Cierro los ojos y me parece estar viendo a
un Fidel Castro vigoroso, medianamente joven, con espejuelos de marco ancho y
binoculares en la mano, husmeando la marcha; esa es la imagen primera que viene
a mi memoria de las celebraciones por el Día Internacional de los Trabajadores
en Cuba.
Eran los años aquellos en que seguíamos sus
discursos larguísimos, siempre colofón del Desfile descomunal que presidía en
la Plaza de la Revolución José Martí de La Habana. Así crecimos.

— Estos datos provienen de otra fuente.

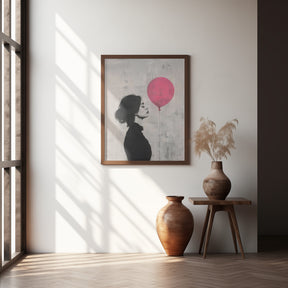 The Girl With the Pink Balloon Poster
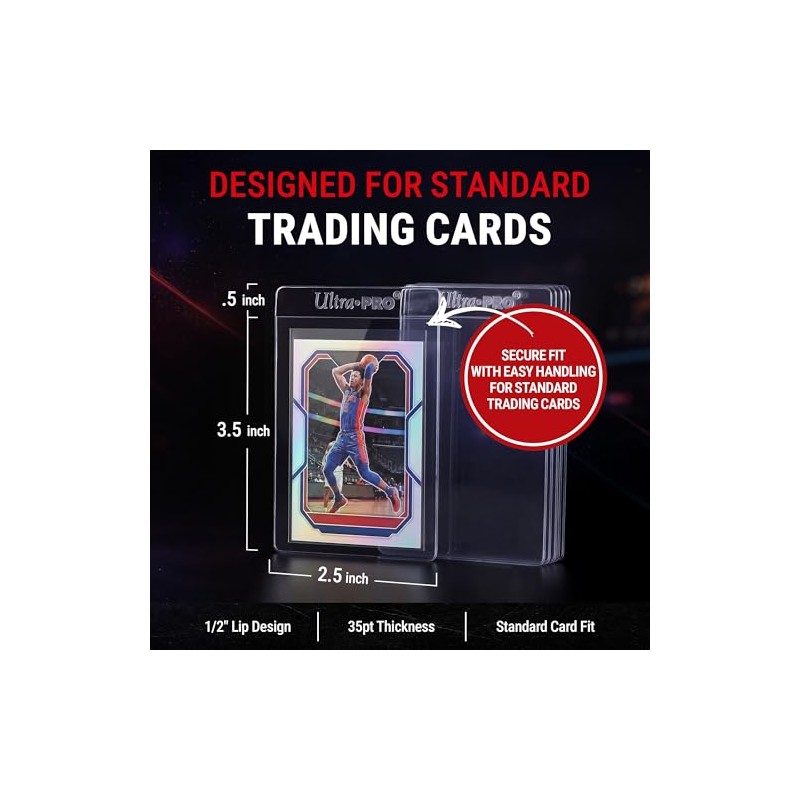 UltraPro Soportes para tarjetas, mangas con bordes semirrígidos de 1.27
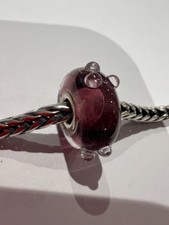 Purple half Fizz Trollbead Sterling Silver 925 - Retired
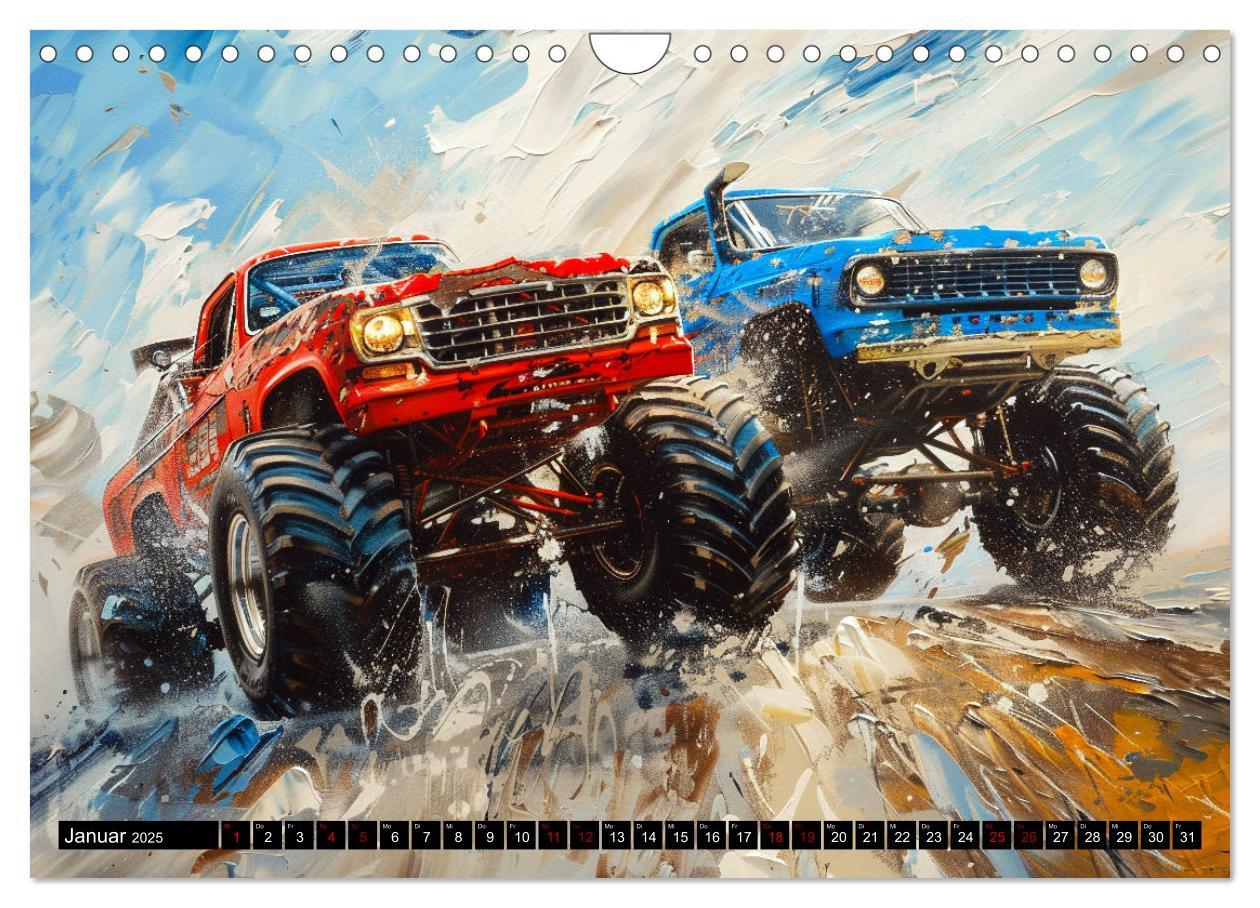 Bild: 9783383822322 | Wilde Monstertrucks (Wandkalender 2025 DIN A4 quer), CALVENDO...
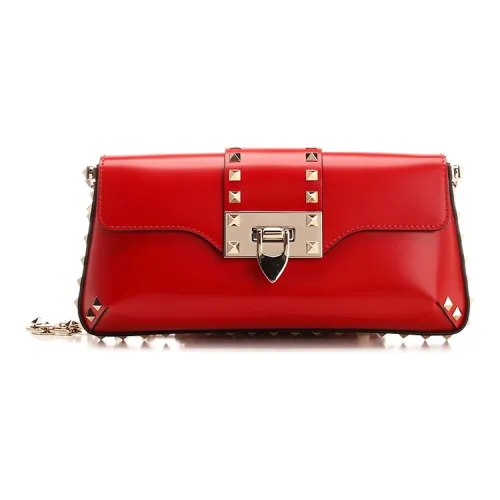 Valentino Брушированная телячья кожа сумка через плечо женская красная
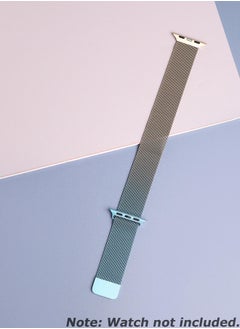 Haute Sauce Solid Stainless Steel Apple Watch Strap For Women | 42mm/44mm/45mm  - Image 3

Recuerdo que sonría, saludaba
constantemente a los miles que agitaban banderas y gritaban consignas al pasar
frente a él y parecía que nada le era más importante, solo el diálogo
silencioso que podía sostener con cada uno más allá de las palabras. Magia suya,
magnetismo sin igual.
Desfilábamos en todas las provincias
cubanas y después regresábamos a casa porque sabíamos que Fidel todavía estaría
hablando al pueblo desde La Habana y generaciones diversas nos sentábamos para
escuchar al Hombre de hoy que decía del mañana mezclando ideas que te llevaban
siempre al punto de partida, como un ciclo de vida y te mostraban el porvenir.
De
alguna manera ahí hoy estará Fidel, el Hombre que hizo una Revolución para
los humildes, desafió al Imperio más poderoso que ha conocido la humanidad y se
fue, hace apenas seis meses, en silencio, todavía llamándonos a hacer.
Lo voy a extrañar especialmente en esta
mañana de mayo y estoy segura, su imagen se alzará en fotos y pancartas, en
brazos jóvenes y niños, la mejor prueba del paso del tiempo, de su necesaria
omnipresencia, de su luz. Pero igual, de alguna manera, lo voy a extrañar.